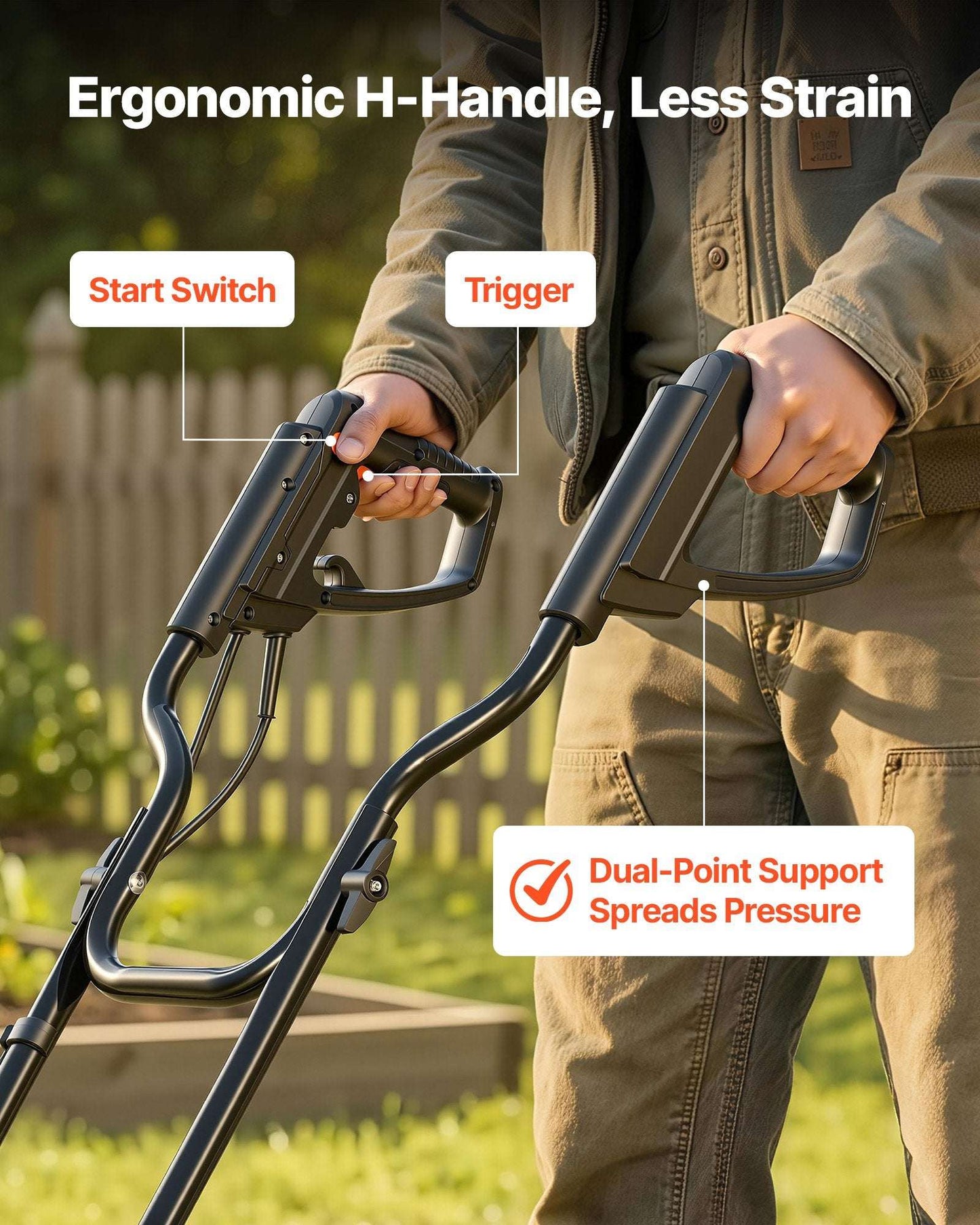 Electric rototiller with dual trigger hand controls and ergonomic H-style handle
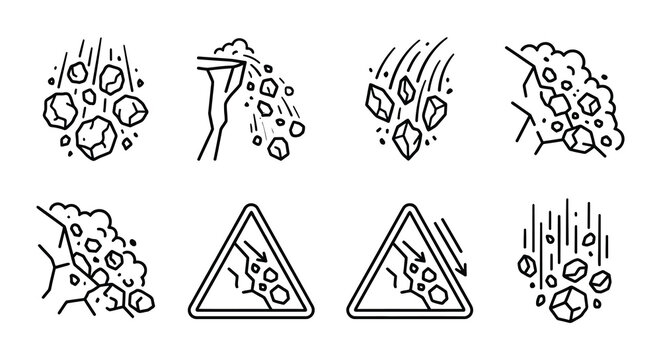 Rockfall Hazard Icons Linear Vector Illustration On White Background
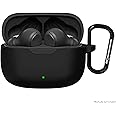 Sounce Portable Silicone Case Cover Scratch-Resistant, Non-Slip Grip, Carabiner Clip Compatible with Keychain for JBL Wave 200 Case Full Protection Shockproof Case Cover Anti Fall Anti Dust (Black)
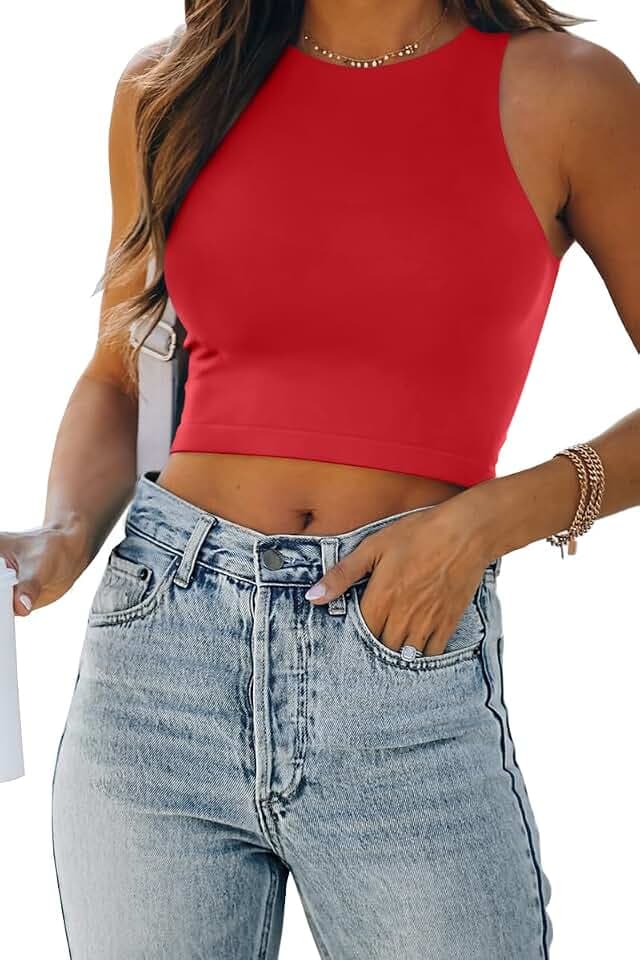 EFAN Women's Double Lined Racerback Crop Tank Top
··········
» **EXERCISE DIRECTIONS**
The whole listing above should be restated word for word, minus any images.

» **RESPONSE TO THIS EXERCISE**
 Electric rototiller with dual trigger hand controls and ergonomic H-style handle
 Rockfall Hazard Icons Linear Vector Illustration On White Background
 Sounce Portable Silicone Case Cover Scratch-Resistant, Non-Slip Grip, Carabiner Clip Compatible with Keychain for JBL Wave 200 Case Full Protection Shockproof Case Cover Anti Fall Anti Dust (Black)
 EFAN Women's Double Lined Racerback Crop Tank Top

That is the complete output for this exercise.